API

This this is the full API reference of all public methods.

Metrics

irmetrics.topk.ap(y_true, y_pred, k=None, relevance=<function multilabel>)

Compute Average Precision score(s). AP is an aproximation of the integral over PR-curve.

Parameters
y_truescalar, iterable or ndarray of shape (n_samples, n_labels)

True labels of entities to be ranked. In case of scalars y_pred should be of shape (1, n_labels).

y_prediterable, ndarray of shape (n_samples, n_labels)

Target labels sorted by relevance (as returned by an IR system).

kint, default=None

Only consider the highest k scores in the ranking. If None, use all outputs. The minimum between the nuber of correct answers and k will be used to compute the score.

relevancecallable, default=topk.relevance.multilabel

A function that calculates relevance judgements based on input y_pred and y_true.

Returns
apfloat

The average precision for a given sample.

References

Wikipedia entry for Mean Average Precision

Examples

>>> from irmetrics.topk import ap

for ground-truth labels related to a query:

>>> y_true = 1

and the predicted labels by an IR system:

>>> y_pred = [1, 0, 0]
>>> ap(y_true, y_pred)
0.3333333333333333
>>> # This should be fixed
>>> y_true = [1, 4, 5]

and the predicted labels by an IR system:

>>> y_pred = [1, 2, 3, 4, 5]
>>> ap(y_true, y_pred)
array([0.2, 0. , 0. ])
irmetrics.topk.dcg_score(relevance, k=None, weights=1.0)

Compute Discounted Cumulative Gain score(s) based on relevance judgements provided.

This is provided as internal implementation for ndcg for this reason the API for this function slightly differ: it alawyas accepts and outputs np.arrays, unlike other methos in this module.

Parameters
relevanceiterable or ndarray of shape (n_samples, n_labels) or simply

(n_labels,). The last dimension of the parameter is used as position. The relevance judgements provided by experts.

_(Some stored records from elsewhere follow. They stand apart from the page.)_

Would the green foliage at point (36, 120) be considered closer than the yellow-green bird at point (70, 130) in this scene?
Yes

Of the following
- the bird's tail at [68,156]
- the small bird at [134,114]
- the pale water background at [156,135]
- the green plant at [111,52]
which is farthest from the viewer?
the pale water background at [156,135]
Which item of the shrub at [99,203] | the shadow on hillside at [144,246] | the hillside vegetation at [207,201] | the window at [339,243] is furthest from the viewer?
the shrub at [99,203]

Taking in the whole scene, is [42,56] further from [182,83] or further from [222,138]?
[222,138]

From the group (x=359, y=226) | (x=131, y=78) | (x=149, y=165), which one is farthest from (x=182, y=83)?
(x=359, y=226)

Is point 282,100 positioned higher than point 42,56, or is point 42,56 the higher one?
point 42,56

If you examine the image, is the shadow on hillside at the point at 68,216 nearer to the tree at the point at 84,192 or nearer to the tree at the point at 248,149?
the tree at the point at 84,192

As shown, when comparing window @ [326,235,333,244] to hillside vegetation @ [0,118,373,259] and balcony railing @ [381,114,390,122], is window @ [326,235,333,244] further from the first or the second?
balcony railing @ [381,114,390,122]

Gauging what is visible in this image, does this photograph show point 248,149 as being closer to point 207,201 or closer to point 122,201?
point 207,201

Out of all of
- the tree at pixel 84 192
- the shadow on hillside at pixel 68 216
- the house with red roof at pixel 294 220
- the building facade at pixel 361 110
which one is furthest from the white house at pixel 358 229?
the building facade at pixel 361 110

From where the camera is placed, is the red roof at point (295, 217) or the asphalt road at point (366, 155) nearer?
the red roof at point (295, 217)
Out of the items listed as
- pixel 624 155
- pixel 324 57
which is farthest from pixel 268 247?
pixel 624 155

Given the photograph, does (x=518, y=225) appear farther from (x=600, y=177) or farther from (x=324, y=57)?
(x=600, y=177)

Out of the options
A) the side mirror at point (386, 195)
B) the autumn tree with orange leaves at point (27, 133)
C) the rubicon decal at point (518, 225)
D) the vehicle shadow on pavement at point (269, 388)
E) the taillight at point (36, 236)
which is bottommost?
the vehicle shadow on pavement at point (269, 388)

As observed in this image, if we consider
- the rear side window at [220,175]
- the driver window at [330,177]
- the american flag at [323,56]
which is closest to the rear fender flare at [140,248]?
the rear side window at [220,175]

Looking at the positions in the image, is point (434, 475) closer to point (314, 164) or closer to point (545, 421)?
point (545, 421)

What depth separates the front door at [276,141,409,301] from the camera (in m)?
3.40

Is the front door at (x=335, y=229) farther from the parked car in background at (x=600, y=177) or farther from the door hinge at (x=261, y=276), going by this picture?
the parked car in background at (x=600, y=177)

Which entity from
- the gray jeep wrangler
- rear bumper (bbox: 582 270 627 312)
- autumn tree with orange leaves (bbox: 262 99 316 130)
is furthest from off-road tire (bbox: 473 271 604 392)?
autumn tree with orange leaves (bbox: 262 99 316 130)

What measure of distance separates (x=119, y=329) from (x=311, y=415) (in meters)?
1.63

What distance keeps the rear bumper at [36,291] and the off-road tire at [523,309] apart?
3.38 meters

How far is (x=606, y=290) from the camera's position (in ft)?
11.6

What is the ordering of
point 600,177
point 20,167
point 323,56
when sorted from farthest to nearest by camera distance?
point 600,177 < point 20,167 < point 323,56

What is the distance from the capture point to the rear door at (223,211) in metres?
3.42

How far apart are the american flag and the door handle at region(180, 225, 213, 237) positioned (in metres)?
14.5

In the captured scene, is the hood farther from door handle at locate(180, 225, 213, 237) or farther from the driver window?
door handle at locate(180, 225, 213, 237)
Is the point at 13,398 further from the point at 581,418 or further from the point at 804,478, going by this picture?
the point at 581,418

weightsdefault=1.0, scalar, iterable or ndarray of shape (n_samples,)

takes into account the importance of each sample, if relevant.

kint, default=None

Only consider the highest k scores in the ranking. If None, use all outputs.

relevancecallable, default=topk.relevance.multilabel

A function that calculates relevance judgements based on input y_pred and y_true.

Returns
dcgnp.array

The discounted cumulative gains for samples (or a single sample).

References

Wikipedia entry for Discounted cumulative gain

Examples

>>> from irmetrics.topk import dcg_score

for ground-truth labels related to a query:

>>> relevance_judgements = np.array([[1, 0, 0, 0]])
>>> dcg_score(relevance_judgements)
array([1.])
>>> relevance_judgements = np.array([[True, False, False, False]])
>>> dcg_score(relevance_judgements)
array([1.])
>>> relevance_judgements = np.array([[False, True, False, False]])
>>> dcg_score(relevance_judgements)
array([0.63092975])
irmetrics.topk.ndcg(y_true, y_pred, k=None, relevance=<function multilabel>, weights=1.0)

Compute Normalized Discounted Cumulative Gain score(s) based on relevance judgements provided.

Parameters
y_trueiterable or ndarray of shape (n_samples, n_labels) or simply

(n_labels,). The last dimension of the parameter is used as position.

y_prediterable, ndarray of shape (n_samples, n_labels)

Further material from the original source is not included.